Senate debates

Tuesday, 8 November 2011

Bills

Steel Transformation Plan Bill 2011; Second Reading

6:13 pm

Photo of Fiona NashFiona Nash (NSW, National Party, Shadow Parliamentary Secretary for Regional Education) Share this | Hansard source

So many of my colleagues on this side of the chamber have called today a sad day and a dark day, and there is absolutely no two ways about that: it is a sad day and it is a dark day. Here we are yet again dealing with legislation relating to a carbon tax that this government simply should not be bringing in. The government should not be giving it to the Australian people. We know that because, as I have said in this place before—and I had a discussion with somebody today about the number of times that people on this side of the chamber have said this—Julia Gillard, the Prime Minister, said, 'There will be no carbon tax under a government I lead.' It is true. That is why we keep saying it, because it is absolutely true: this Labor government promised the Australian people no carbon tax. And yet here we are now dealing with yet another piece of legislation relating to the carbon tax. It is a very sad and dark day indeed.

The government had an opportunity to wait for the commencement date for the carbon tax bills until after the next election. They could have simply done that. Even if we take it at face value—some people might—that the Prime Minister did not mean to lie to the Australian people when she said, 'There will be no carbon tax under a government I lead,' even if we take it that somehow that was not a lie, it does not take away the fact that the Prime Minister should be taking the carbon tax to the Australian people before it commences. It is as simple as that. This piece of legislation, the Steel Transformation Plan Bill 2011, is part of the whole carbon tax process that is being foisted on the Australian people, and they do not want it. I can tell you, Madam Acting Deputy President Adams, we on this side of the chamber know they do not want it. The reason they do not want it is that they understand exactly what is happening here. They know exactly what is happening. What is happening is that this government is bringing in a piece of legislation that is actually not going to achieve what the government is trying to achieve.

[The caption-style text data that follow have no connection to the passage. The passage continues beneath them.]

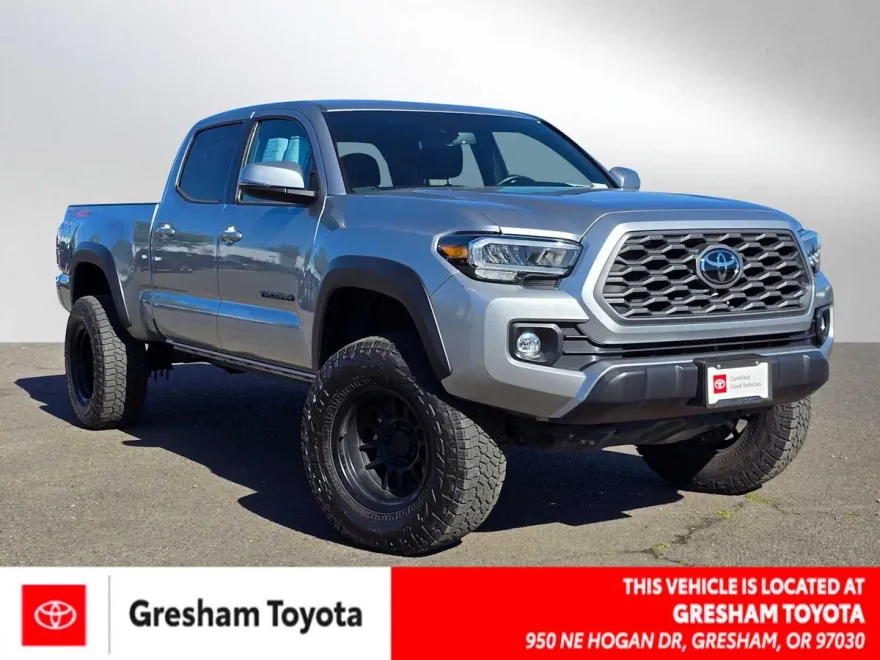 2023 Toyota Tacoma TRD photo 1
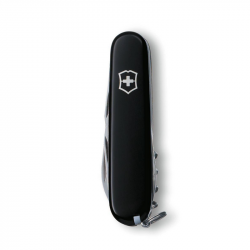 Peilis daugiafunkcinis VICTORINOX SPARTAN, juodos sp.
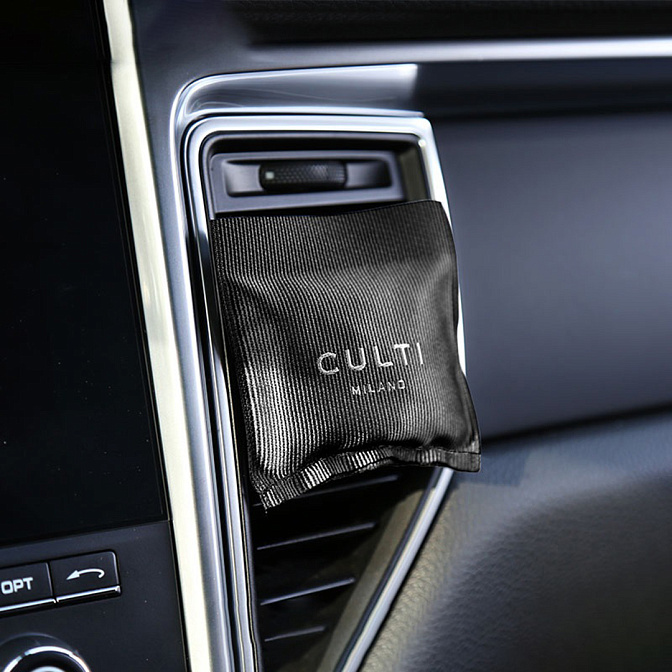 Саше для автомобиля Culti ERA 7x7 см - фото-2 | interior market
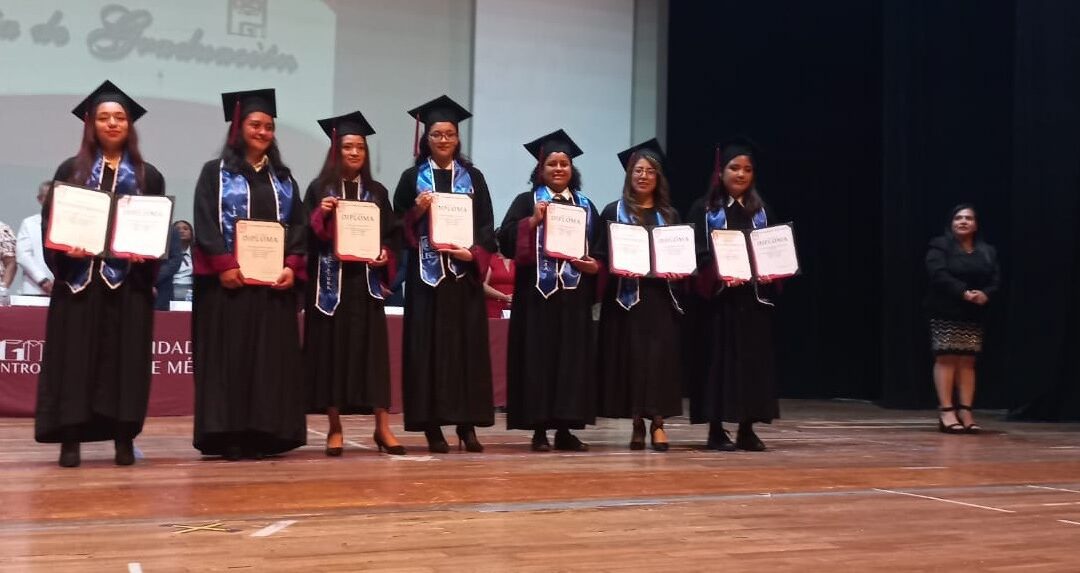 Ceremonia de Graduación de Licenciatura y Maestría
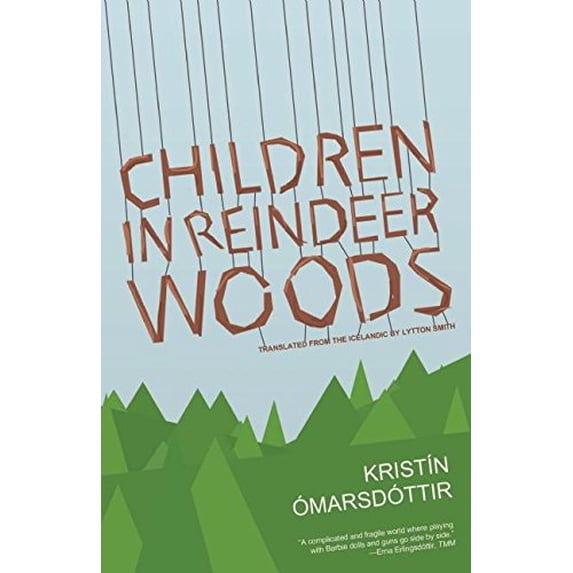 Pre-Owned Children in Reindeer Woods Paperback
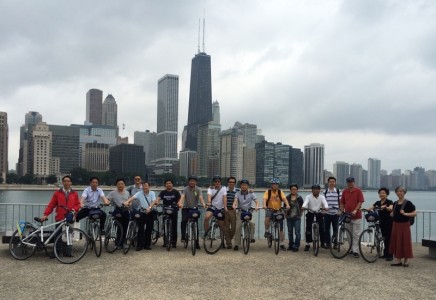 Why China's Mayors Matter Bike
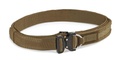 DEFCON5 Low Profile Taktischer Gürtel mit Austrialpin Schnalle - coyote - XL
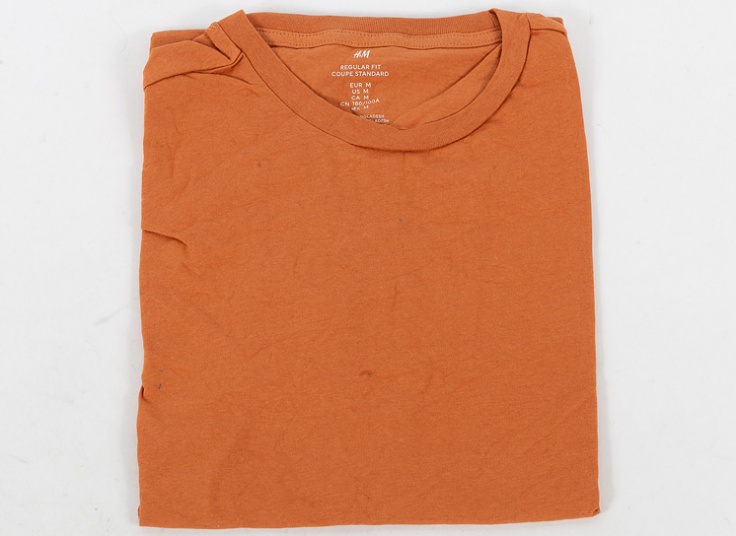 تیشرت ساده مردانه H&M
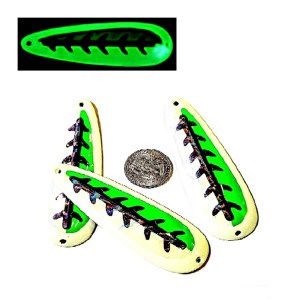 Green Glitter Daddy egcd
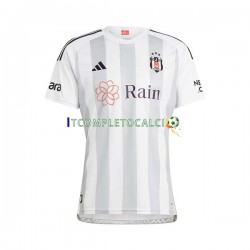 Maglia Besiktas Divisa Home 2023-2024 Manica Corta ,Uomo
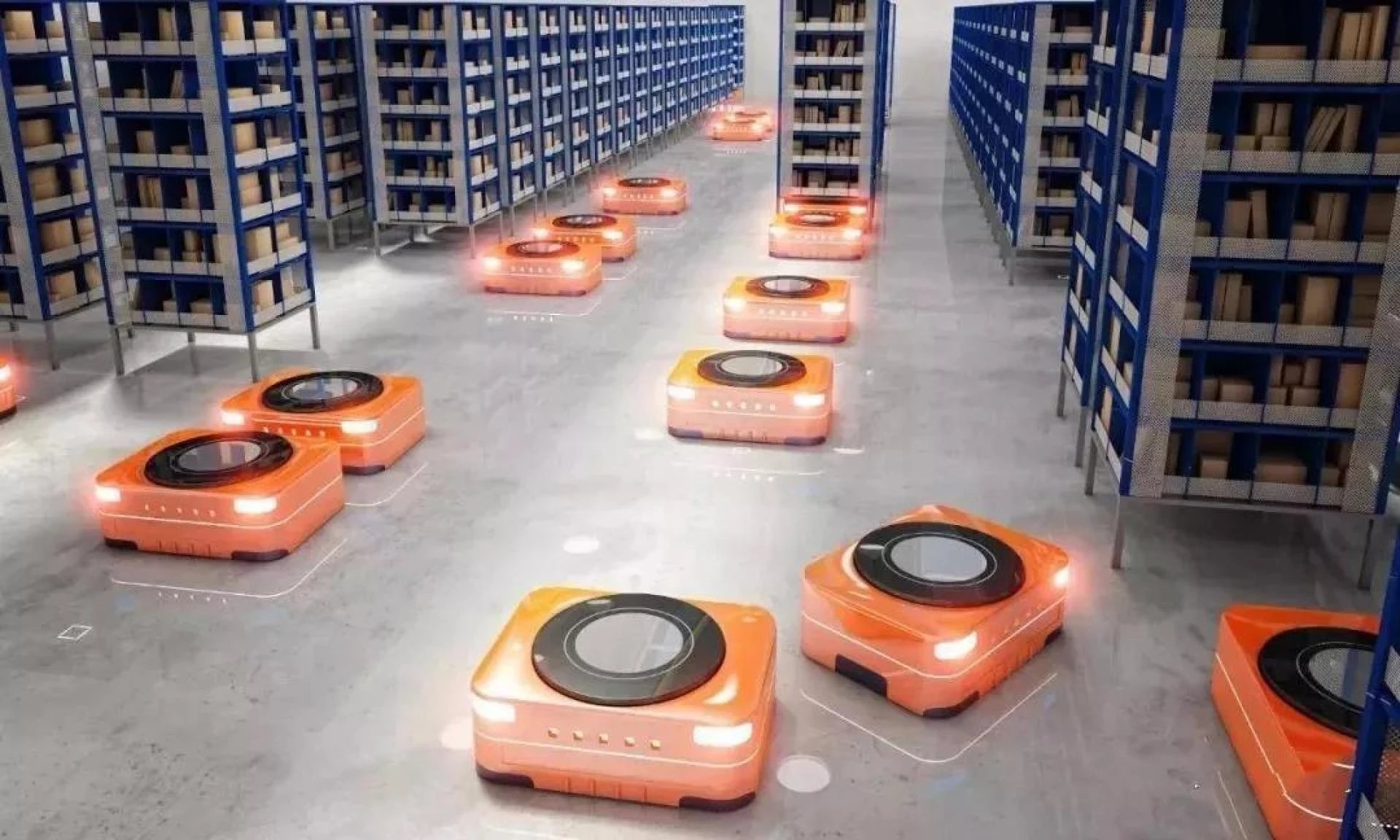 Warehouse Robotics Industry Analysis, Size, Share, Growth, Trends &amp; Forecast 2023 to 2033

In the legislation that we have been dealing with up until now—the clean energy legislation—object (b) talks about supporting the development of a cleaner environment and the government's intent to reduce greenhouse gas emissions. The clean energy legislation does not do that. This piece of legislation, the Steel Transformation Plan Bill, does not do that. Nothing in any of the legislation that we have been dealing with today changes the climate. Nothing in any of the legislation that we have been dealing with up until this point in time reduces greenhouse gas emissions. Isn't it interesting, colleagues? Emissions are actually going to increase by 2020, from 578 million tonnes to 621 million tonnes.

It is also so interesting that no other country in the world is doing or is moving toward doing a carbon tax like the one we are going to implement—not one. That is not me and my colleagues on this side of the chamber saying that; that is the Productivity Commission saying that. So relate that back to object (b), which is to support that development. Support what? Nobody else is doing what we are about to do with this carbon tax, which is irrevocably going to change the economy. It is going to create structural change in how this country operates, in how the economy operates. The Steel Transformation Plan Bill is part of that, which is why we on this side of the chamber are not supporting it.